|Title||Cationic ruthenium(III) maltolato–imidazole complexes — Synthesis, characterization, and antiproliferatory activity** Adapted from the Ph.D. thesis of D.C. Kennedy (see the References section).|
|Publication Type||Journal Article|
|Year of Publication||2011|
|Authors||Kennedy, DC, Patrick, BO, James, BR|
|Journal||Canadian Journal of Chemistry|
|Pagination||948 - 958|
The cationic RuIII complexes, trans-[Ru(ma)2(L)2]CF3SO3, where Hma = maltol = 3-hydroxy-2-methyl-4-pyrone; L = imidazole (Im) (complex 2), 1(N)-methylimidazole (N-MeIm) (3), 2-methylimidazole (2-MeIm) (4), and 4-methylimidazole (4-MeIm) (5), were synthesized via the known L = EtOH (complex 1a), and characterized by elemental analysis, 1H NMR and IR spectroscopies, mass spectrometry, cyclic voltammetry, and (for 3 and 4) by X-ray crystallography.
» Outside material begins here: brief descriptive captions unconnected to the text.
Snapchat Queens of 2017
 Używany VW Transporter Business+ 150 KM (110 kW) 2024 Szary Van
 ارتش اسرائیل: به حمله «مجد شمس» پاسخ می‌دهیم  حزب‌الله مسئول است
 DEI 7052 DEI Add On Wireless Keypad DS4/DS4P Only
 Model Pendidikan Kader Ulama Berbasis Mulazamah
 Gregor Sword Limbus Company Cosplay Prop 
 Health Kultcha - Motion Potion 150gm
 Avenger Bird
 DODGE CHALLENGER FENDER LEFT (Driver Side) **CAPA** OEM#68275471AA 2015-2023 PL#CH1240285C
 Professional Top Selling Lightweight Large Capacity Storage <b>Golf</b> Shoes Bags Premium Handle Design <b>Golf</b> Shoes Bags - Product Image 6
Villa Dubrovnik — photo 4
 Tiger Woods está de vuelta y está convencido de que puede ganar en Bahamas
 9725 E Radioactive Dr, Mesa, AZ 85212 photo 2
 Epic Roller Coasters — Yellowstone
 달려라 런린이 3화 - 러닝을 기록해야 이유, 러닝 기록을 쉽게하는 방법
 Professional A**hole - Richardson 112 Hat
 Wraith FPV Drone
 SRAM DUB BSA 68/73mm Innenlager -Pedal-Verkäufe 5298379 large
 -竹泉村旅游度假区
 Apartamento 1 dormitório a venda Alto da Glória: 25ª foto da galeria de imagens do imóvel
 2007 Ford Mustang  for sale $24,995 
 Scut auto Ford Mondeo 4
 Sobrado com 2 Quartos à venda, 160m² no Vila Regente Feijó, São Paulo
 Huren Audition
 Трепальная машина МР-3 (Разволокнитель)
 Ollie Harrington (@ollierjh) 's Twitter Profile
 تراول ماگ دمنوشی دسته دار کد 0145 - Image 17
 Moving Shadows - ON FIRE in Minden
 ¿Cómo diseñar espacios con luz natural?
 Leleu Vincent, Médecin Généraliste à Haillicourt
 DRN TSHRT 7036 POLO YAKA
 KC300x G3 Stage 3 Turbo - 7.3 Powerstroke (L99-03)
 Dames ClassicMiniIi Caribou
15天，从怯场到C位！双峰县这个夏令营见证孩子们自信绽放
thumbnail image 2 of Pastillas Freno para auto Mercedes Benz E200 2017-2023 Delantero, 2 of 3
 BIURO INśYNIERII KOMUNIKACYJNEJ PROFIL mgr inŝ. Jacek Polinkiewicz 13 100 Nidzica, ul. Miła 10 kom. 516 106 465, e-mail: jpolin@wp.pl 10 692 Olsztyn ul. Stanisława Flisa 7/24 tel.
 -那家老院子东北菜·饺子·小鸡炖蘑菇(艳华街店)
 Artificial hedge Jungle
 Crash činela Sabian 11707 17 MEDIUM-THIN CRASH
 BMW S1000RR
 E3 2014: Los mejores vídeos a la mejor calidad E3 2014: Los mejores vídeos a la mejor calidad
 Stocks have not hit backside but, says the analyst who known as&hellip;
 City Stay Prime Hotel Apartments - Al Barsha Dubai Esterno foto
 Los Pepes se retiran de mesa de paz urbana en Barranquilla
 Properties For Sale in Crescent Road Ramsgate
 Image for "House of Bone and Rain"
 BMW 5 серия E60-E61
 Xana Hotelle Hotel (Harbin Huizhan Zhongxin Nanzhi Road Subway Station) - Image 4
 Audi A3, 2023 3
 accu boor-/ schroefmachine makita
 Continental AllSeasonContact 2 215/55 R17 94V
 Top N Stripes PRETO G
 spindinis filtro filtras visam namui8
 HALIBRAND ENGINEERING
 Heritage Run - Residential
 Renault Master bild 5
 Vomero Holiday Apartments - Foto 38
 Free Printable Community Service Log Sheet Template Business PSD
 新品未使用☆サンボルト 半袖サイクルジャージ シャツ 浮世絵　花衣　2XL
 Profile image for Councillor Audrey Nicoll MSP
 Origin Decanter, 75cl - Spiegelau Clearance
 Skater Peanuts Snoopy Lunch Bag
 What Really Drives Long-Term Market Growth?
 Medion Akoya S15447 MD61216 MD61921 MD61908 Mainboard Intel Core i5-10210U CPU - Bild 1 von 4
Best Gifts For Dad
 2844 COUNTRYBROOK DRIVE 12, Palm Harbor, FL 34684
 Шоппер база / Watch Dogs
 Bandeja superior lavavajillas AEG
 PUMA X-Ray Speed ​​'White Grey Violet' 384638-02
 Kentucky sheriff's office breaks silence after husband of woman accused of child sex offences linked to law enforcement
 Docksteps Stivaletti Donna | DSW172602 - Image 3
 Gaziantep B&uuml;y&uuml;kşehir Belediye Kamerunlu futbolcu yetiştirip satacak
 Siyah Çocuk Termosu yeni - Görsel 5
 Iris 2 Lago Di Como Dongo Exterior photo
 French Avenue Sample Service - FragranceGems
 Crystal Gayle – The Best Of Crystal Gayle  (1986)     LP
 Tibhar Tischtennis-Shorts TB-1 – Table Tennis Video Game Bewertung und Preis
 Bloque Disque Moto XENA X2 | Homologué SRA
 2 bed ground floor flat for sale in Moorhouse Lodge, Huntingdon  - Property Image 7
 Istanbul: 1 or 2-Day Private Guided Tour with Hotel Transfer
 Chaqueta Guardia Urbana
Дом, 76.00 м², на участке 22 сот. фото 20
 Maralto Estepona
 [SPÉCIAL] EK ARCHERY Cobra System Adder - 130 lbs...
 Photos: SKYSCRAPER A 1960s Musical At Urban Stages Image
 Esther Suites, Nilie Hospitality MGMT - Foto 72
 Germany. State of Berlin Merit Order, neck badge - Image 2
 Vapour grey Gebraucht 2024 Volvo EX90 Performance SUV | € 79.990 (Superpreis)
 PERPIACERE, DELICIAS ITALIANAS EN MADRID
The trans-[Ru(ma)2(H2O)2]CF3SO3 complex (1b) was inadvertently isolated and characterized crystallographically, and the monomaltolato species [Ru(ma)(N-MeIm)4][CF3SO3]2 (6) was also isolated and characterized. In vitro antiproliferatory activity of complexes 2-6 against human breast cancer cells (MDA-MB-435S) was tested using an MTT assay: 4 and 5 exhibit the lowest IC50 values, 5 and 15 µmol/L, respectively, whereas cisplatin exhibits an IC50 value of 35 µmol/L against this cell line.